Please set down exactly the lines from the one containing "Fitted Top - Picture 2 of 2" through the last line of the records below, both included, with no pictures.

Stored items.
......

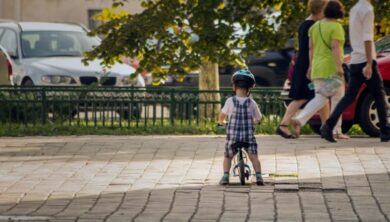 الأطفال. الطفل. المدينة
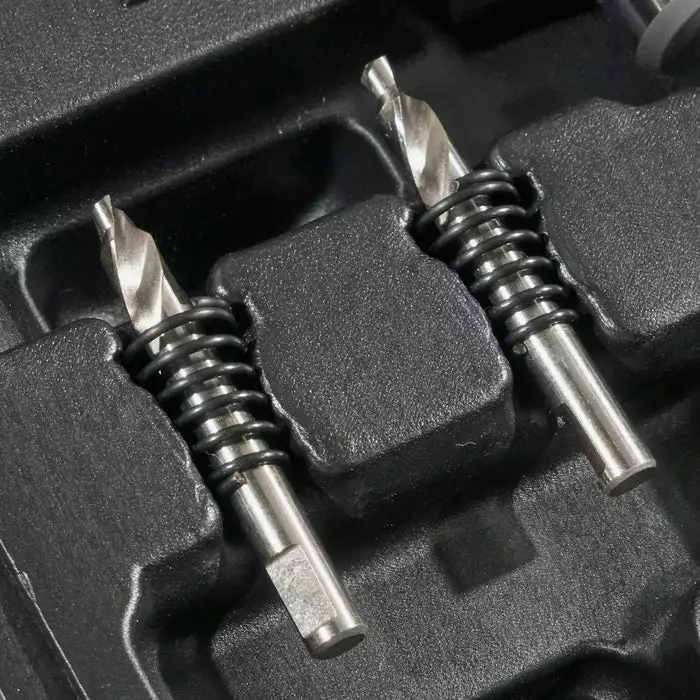 Klein Tools Hole Cutter Kit, Master Electrician Hole Cutter, 8-Piece, Model 31873* - Image 4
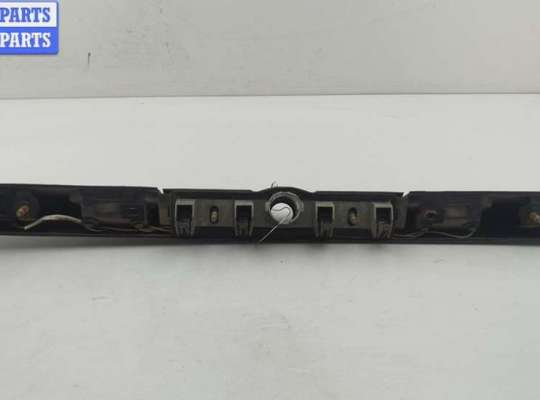 купить Накладка подсветки номера на Volkswagen Passat B5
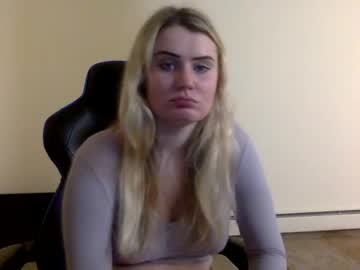 female cam couple roseeebaby image #3924499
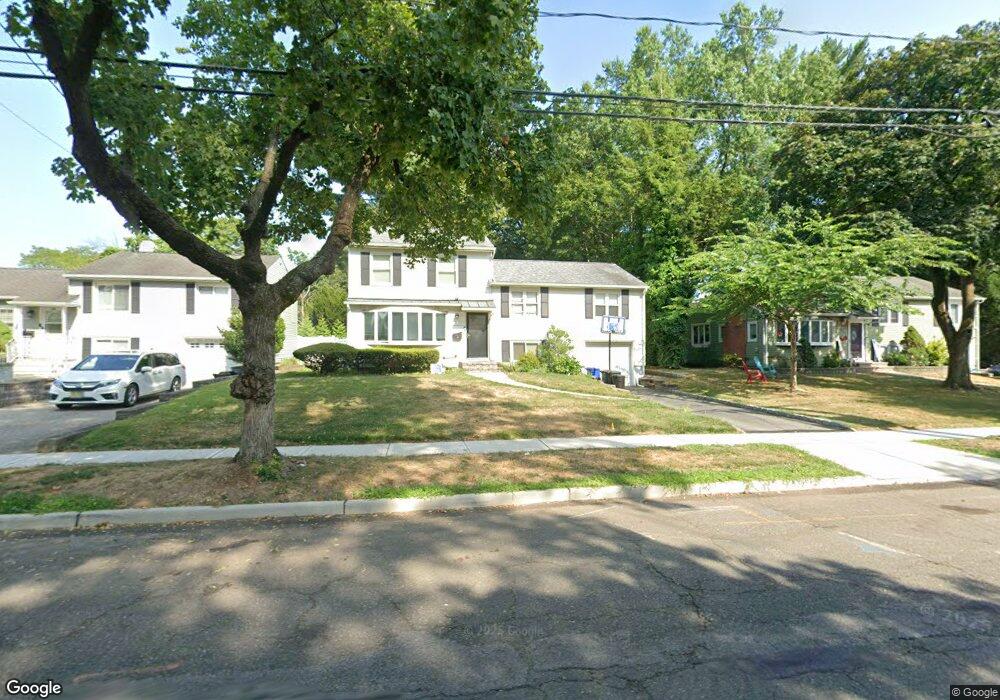 608 Bogert Rd, River Edge, NJ 07661 - photo 1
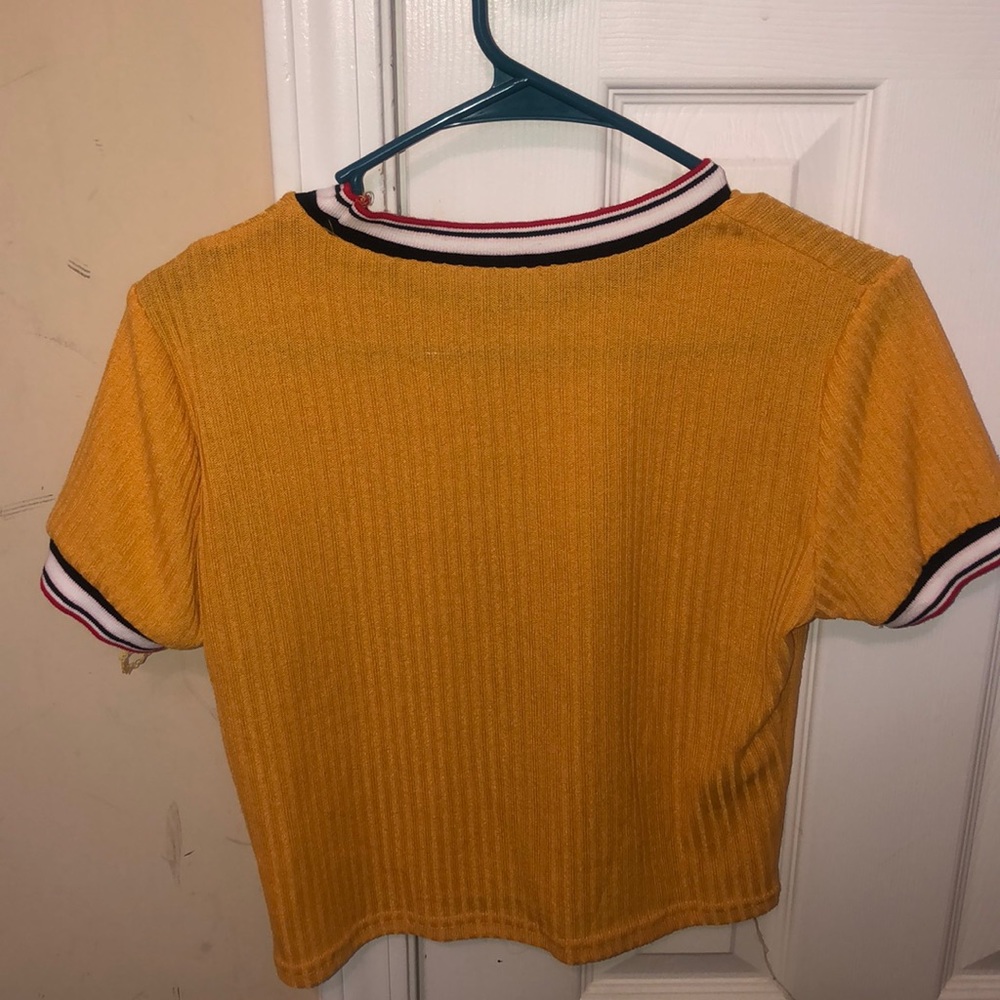 Fitted Top - Picture 2 of 2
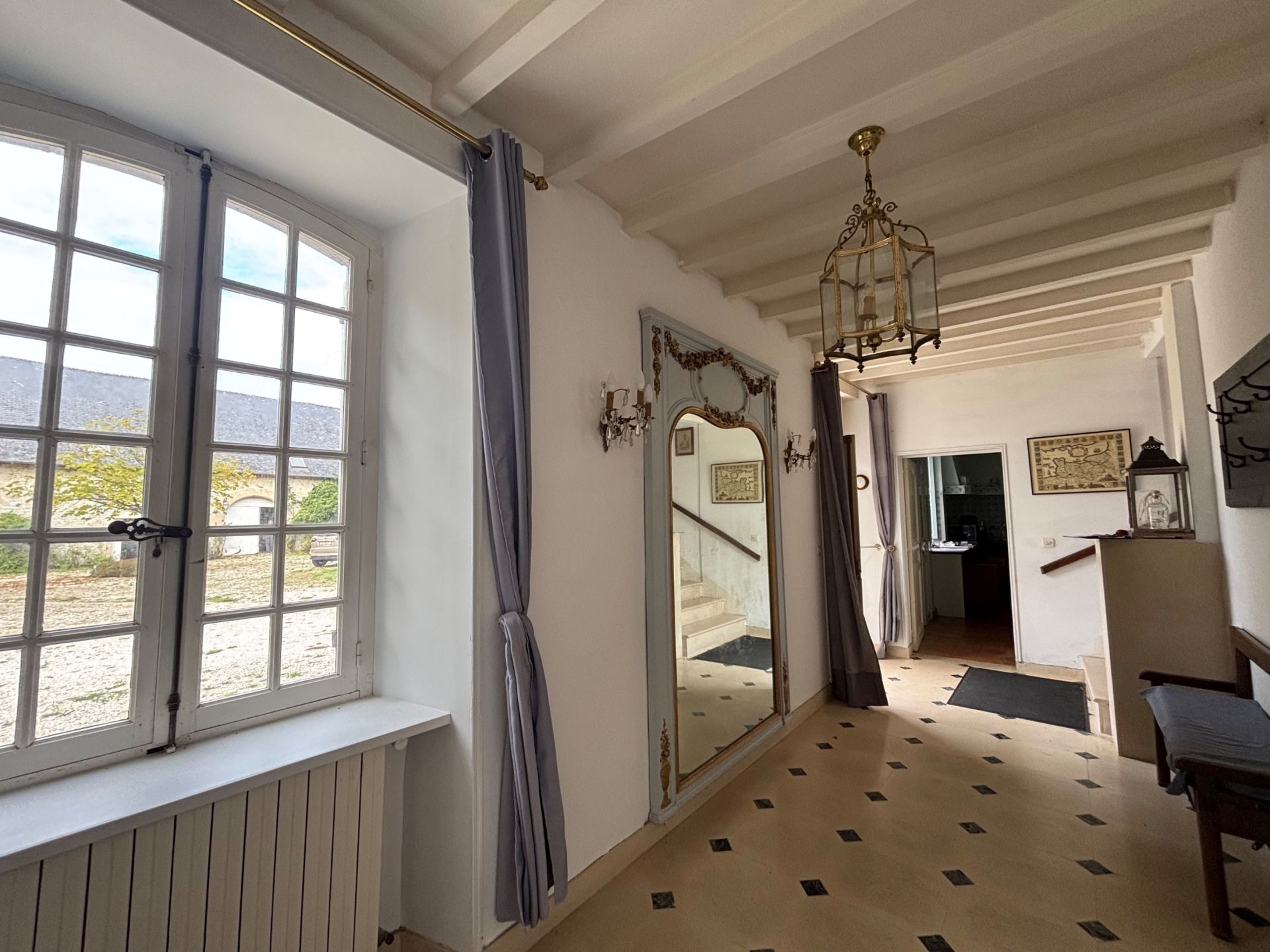 house 9 Rooms for sale on STE MARIE DU MONT (50480)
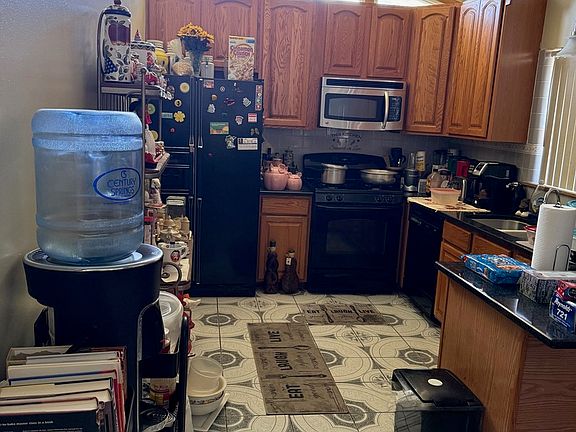 5th image of 15332 Irving Ave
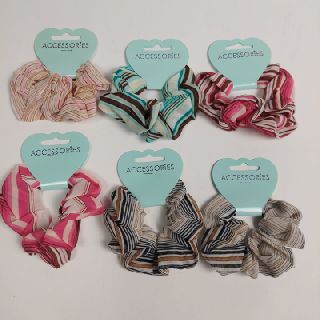 Assorted Hair Accessories, 2,042 Pieces, New Condition, Est. Original Retail €6,126, Vilnius, LT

......

EXERCISE RESULT.
 Fitted Top - Picture 2 of 2
 house 9 Rooms for sale on STE MARIE DU MONT (50480)
 5th image of 15332 Irving Ave
 Assorted Hair Accessories, 2,042 Pieces, New Condition, Est. Original Retail €6,126, Vilnius, LT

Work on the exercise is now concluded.